··· DATA BELOW ···

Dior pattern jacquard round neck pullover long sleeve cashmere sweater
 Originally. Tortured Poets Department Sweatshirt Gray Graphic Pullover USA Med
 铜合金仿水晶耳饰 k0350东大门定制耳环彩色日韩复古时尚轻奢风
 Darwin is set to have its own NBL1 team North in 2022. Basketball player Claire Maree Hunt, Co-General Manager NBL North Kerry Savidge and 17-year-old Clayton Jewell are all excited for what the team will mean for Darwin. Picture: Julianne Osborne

···

*EXERCISE OBJECTIVE:* Would you transcribe, exactly, the lines running from the one that contains "铜合金仿水晶耳饰 k0350东大门定制耳环彩色日韩复古时尚轻奢风" through the final line of the listing above? Include both ends and nothing else.

*COMPLETED TASK:*
 铜合金仿水晶耳饰 k0350东大门定制耳环彩色日韩复古时尚轻奢风
 Darwin is set to have its own NBL1 team North in 2022. Basketball player Claire Maree Hunt, Co-General Manager NBL North Kerry Savidge and 17-year-old Clayton Jewell are all excited for what the team will mean for Darwin. Picture: Julianne Osborne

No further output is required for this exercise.